# schools



## fuzzypeg (May 9, 2011)

Hi everyone, this is my first post on this forum, i am hoping to move to the portimao area in the very near future and looking for info. on primary and high schools in that area 

Many thanks in advance


----------



## omostra06 (Sep 11, 2007)

fuzzypeg said:


> Hi everyone, this is my first post on this forum, i am hoping to move to the portimao area in the very near future and looking for info. on primary and high schools in that area
> 
> Many thanks in advance


Hi welcome to the forum


----------



## somanyhands (Apr 9, 2011)

Hi there
I did just reply 'elsewhere' but just wanted to say hi and we investigated this area before we moved.

What information were you looking for?

Tracey



fuzzypeg said:


> Hi everyone, this is my first post on this forum, i am hoping to move to the portimao area in the very near future and looking for info. on primary and high schools in that area
> 
> Many thanks in advance


----------



## lulu83 (Jun 8, 2011)

Are you children speaking portuguese or still English?


----------



## somanyhands (Apr 9, 2011)

lulu83 said:


> Are you children speaking portuguese or still English?


Is that question directed at me?

Obviously, they are still English-speaking children! I presume you meant at school?

At school, it's harder for my 11yo to learn because his friends can, and do tend to, speak English with him. I'm tackling this though and, with extra lessons, his Portuguese is coming along now. He is very bright (fortunately!) and will pick up the language much quicker with this extra tuition (private tutor, here in Lagos, 1 hour a week)

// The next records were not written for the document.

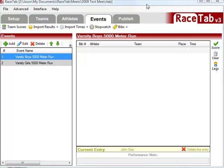One of the best things about RaceTab 3 is how flexible its import mechanisms are, importing results, importing entries, importing athletes. It's so flexible, in fact, that it's sometimes a little bit intimidating.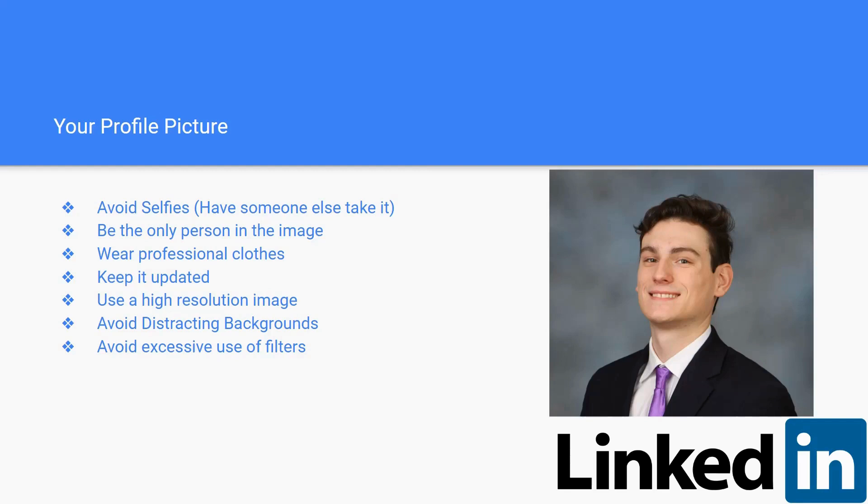You want it to be as updated as possible. Use a high-resolution image. You want it to be high quality so people can see it well and it looks professional as well. Avoid distracting backgrounds. You'd like to have a pretty plain background, maybe like a professional photo background like you could see here on the slide where it's me in a suit and tie and then the background was professionally taken.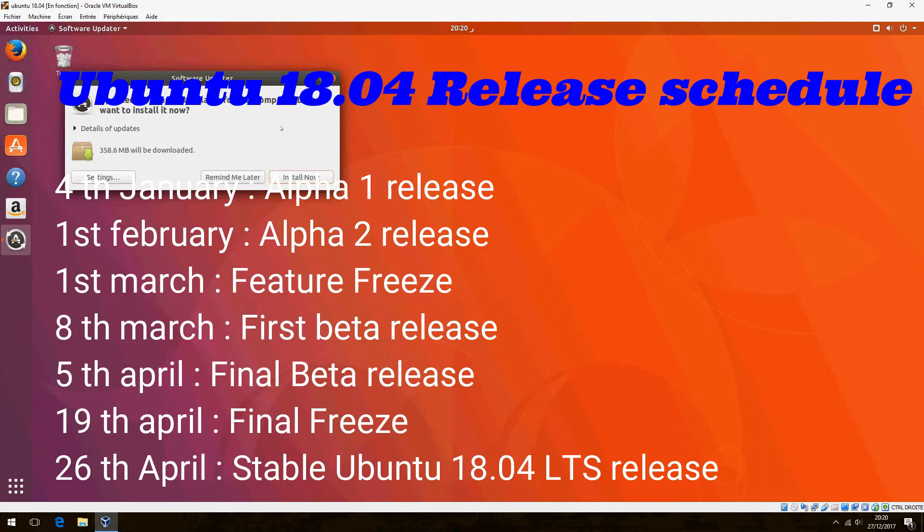And 19th April, the final freeze. And finally, the stable Ubuntu 18.04 LTS release on 26th April.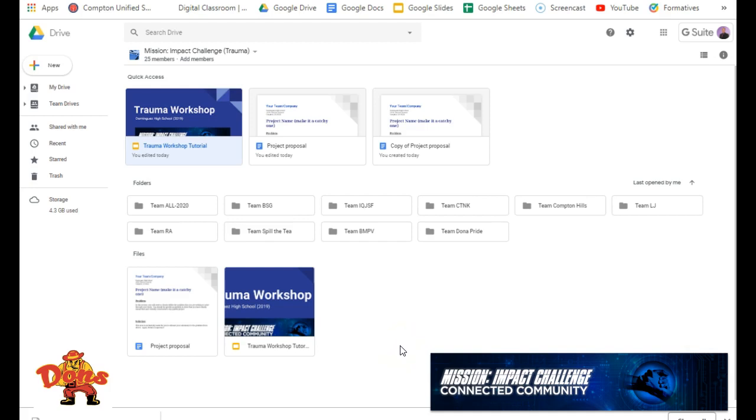Alright, welcome to the Mission Impact Challenge on Trauma, the workshop we've been doing. So we just want to introduce quickly the Team Drive and how it works and the template for everything.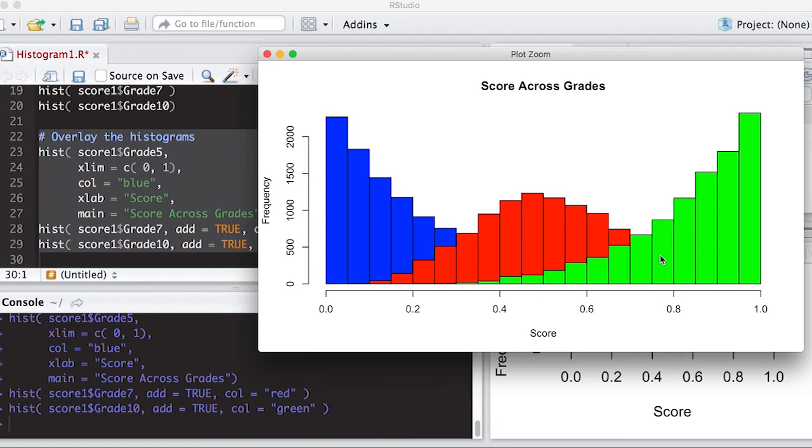So now we can move to the next video, where we'll talk about how to interpret histograms, which is the most important thing. If you can't make a picture, or if you can make picture, but you don't know what the picture says, then there's no point in making the picture. Alright, so move on to the next video.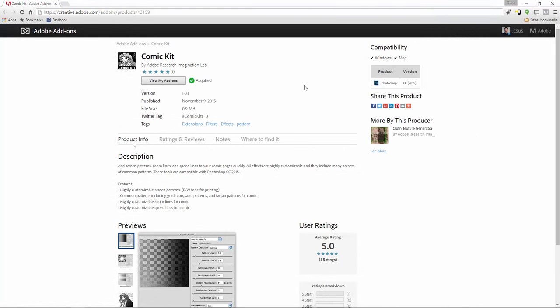We're going to use a free script called Comic Kit. This add-on was created by Daichi Ito, who works for Adobe as a user experience designer. He also created the Flame Generator and the Tree Generator, which are now built into Photoshop. I've done tutorials for both plugins, so look at the description below for the links to those tutorials.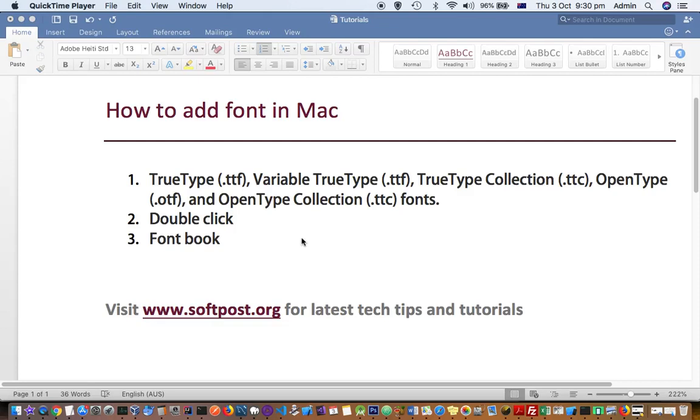This video explains how you can add fonts on Mac. First, let us see what kind of fonts are supported in Mac.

My 7yo speaks only Portuguese at school. No one there really speaks English so he has never really been able to speak English there!
This has worked to his advantage with learning Portuguese though. Conversationally, he is far advanced of the rest of us although he doesn't read/spell well.
However, he couldn't read/spell in English either until we came here. His reading, in English, has come on HUGELY since coming here. He just needs to recognise/know the actual vocab for it to reflect in his Portuguese reading better.
He can chatter away with his friends in fairly good Portuguese though.


----------



## lulu83 (Jun 8, 2011)

I do apologise I didn't read my thread wellthats good that they pick it up so quick and how long have you lived there for?
I do think that's children adapt to it better than adults do.


----------



## somanyhands (Apr 9, 2011)

lulu83 said:


> I do apologise I didn't read my thread wellthats good that they pick it up so quick and how long have you lived there for?
> I do think that's children adapt to it better than adults do.


that is true, however (and I'm sure you won't) please don't underestimate how difficult it will be for them at school.

For our 11yo, it was easier AT school because some people (although not many teachers) did speak English with him but this has made his Portuguese learning harder, in the long run.

For our 7yo, there was no English at school BUT this made his integration at school so much harder. Longer term, it's helped but the short/medium term was so so hard.

We've only been here since July 2010 so the boys are both still in their first year at Portuguese school. 
It's looking possible that our 11yo will actually pass year 6 due to being academically bright,despite his language drawbacks (he is still 4th in his class of 20!) although I'm unsure about our 7yo. Academically, he is much further behind with his peers and unfortunately his more advanced conversational Portuguese doesn't help in this area so much.
He may well end up repeating year 2 but, long term, it's no bad thing.

It's certainly been harder for them than for us anyway. No amount of red tape would convince me otherwise!


----------